**Aim of the exercise**
Consider the listing below. Extract exactly the lines from the line containing "C&oacute;nsul peruano en" to the line containing "Linde L12-1172 Ročni električni viličar", both included.
┄┄┄┄┄┄┄┄┄┄
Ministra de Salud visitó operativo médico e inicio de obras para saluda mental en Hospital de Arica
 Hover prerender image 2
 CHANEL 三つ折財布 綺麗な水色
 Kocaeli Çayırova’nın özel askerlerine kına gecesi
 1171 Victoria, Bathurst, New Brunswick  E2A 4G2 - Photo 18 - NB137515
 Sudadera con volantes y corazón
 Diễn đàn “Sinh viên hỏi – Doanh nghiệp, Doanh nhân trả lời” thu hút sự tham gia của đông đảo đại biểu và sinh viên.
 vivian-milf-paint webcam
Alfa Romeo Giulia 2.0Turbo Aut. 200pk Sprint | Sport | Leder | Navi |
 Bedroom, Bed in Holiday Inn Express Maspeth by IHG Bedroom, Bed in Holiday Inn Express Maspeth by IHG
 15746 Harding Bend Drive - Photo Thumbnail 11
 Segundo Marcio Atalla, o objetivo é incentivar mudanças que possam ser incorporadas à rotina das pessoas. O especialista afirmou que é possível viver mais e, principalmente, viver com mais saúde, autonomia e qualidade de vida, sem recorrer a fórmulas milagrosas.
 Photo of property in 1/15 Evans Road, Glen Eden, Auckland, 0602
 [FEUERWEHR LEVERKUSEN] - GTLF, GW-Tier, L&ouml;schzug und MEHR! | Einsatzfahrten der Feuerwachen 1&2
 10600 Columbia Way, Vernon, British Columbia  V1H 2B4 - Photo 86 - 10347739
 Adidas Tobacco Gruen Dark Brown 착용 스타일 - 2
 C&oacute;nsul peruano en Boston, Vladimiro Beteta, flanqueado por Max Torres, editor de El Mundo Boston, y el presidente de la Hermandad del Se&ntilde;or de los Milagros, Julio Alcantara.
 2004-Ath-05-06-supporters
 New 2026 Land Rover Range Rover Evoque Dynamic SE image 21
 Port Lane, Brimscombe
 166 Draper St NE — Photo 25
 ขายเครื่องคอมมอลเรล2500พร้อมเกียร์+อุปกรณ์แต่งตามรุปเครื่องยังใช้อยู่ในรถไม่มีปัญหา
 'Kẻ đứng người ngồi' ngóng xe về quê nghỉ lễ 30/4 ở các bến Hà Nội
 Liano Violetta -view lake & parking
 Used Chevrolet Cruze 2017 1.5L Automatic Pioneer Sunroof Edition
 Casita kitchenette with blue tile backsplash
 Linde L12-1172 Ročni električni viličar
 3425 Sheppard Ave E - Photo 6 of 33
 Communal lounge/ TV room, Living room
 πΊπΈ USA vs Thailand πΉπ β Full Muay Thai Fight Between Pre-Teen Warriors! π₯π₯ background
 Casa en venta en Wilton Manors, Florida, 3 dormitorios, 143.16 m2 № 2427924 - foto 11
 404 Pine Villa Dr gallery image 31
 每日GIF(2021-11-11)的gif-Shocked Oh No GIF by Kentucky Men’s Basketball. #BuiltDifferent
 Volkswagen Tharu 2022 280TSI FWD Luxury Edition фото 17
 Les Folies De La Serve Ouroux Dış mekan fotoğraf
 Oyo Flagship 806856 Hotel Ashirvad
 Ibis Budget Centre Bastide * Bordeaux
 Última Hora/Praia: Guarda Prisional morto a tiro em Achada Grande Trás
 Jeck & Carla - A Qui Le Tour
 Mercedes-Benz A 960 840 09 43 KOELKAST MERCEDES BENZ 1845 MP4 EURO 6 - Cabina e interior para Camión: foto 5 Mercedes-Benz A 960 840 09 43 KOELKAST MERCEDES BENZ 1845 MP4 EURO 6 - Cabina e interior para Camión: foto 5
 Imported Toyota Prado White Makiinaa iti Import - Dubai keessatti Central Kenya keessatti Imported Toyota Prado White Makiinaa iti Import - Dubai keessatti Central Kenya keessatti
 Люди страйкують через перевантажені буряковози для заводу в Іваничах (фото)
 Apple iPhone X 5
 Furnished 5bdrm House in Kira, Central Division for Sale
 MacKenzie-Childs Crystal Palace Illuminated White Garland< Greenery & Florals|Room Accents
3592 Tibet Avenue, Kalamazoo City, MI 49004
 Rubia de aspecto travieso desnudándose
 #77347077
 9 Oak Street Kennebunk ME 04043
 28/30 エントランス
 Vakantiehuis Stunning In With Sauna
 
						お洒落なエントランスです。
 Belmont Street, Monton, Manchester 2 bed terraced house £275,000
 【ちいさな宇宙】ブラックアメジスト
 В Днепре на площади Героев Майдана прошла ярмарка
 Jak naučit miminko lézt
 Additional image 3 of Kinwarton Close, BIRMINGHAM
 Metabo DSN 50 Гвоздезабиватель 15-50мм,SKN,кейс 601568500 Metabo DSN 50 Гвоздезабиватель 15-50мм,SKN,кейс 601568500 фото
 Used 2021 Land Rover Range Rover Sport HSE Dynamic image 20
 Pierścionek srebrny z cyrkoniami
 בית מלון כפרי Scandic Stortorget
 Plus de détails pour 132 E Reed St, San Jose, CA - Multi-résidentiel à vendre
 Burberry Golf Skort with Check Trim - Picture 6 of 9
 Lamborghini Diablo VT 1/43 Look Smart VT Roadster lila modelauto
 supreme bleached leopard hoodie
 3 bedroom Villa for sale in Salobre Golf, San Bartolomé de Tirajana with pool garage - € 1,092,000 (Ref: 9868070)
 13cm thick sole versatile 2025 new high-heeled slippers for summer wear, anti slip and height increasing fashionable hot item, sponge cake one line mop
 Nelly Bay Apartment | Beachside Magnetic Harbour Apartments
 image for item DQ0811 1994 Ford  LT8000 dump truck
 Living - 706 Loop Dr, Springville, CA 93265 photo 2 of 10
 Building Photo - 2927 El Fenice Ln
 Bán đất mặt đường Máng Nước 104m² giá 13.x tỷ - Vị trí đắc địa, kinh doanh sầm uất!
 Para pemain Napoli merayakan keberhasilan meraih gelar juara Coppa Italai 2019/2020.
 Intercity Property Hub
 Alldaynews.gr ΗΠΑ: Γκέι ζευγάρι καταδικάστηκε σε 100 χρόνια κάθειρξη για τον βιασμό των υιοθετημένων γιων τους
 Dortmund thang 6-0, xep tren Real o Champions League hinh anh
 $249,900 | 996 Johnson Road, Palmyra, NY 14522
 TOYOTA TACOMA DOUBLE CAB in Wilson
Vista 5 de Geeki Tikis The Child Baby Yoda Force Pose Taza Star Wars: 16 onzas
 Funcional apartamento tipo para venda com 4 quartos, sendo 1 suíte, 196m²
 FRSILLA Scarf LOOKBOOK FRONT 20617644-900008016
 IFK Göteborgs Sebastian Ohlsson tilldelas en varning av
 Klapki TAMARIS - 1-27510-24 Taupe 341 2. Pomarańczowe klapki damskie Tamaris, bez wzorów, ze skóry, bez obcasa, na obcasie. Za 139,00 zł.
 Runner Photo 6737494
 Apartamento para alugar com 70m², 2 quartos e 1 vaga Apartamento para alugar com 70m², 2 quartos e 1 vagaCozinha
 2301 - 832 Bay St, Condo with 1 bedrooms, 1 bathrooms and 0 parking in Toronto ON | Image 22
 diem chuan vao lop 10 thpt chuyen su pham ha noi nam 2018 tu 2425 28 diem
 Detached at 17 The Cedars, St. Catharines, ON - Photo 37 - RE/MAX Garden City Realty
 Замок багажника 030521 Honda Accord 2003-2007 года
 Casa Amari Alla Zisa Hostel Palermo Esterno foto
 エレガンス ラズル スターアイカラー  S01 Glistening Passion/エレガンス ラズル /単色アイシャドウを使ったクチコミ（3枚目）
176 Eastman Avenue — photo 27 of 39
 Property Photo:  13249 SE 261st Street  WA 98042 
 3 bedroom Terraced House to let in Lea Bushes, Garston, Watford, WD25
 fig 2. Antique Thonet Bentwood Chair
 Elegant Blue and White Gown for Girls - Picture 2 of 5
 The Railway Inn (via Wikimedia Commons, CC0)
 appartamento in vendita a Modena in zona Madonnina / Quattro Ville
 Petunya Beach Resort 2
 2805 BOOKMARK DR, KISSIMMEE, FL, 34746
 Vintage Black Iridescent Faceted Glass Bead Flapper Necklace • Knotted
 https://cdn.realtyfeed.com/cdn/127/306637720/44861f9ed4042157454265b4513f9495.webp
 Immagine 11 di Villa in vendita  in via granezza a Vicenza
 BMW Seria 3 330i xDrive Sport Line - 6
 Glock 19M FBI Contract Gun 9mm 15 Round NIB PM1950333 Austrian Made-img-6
┄┄┄┄┄┄┄┄┄┄
**Expected answer**
 C&oacute;nsul peruano en Boston, Vladimiro Beteta, flanqueado por Max Torres, editor de El Mundo Boston, y el presidente de la Hermandad del Se&ntilde;or de los Milagros, Julio Alcantara.
 2004-Ath-05-06-supporters
 New 2026 Land Rover Range Rover Evoque Dynamic SE image 21
 Port Lane, Brimscombe
 166 Draper St NE — Photo 25
 ขายเครื่องคอมมอลเรล2500พร้อมเกียร์+อุปกรณ์แต่งตามรุปเครื่องยังใช้อยู่ในรถไม่มีปัญหา
 'Kẻ đứng người ngồi' ngóng xe về quê nghỉ lễ 30/4 ở các bến Hà Nội
 Liano Violetta -view lake & parking
 Used Chevrolet Cruze 2017 1.5L Automatic Pioneer Sunroof Edition
 Casita kitchenette with blue tile backsplash
 Linde L12-1172 Ročni električni viličar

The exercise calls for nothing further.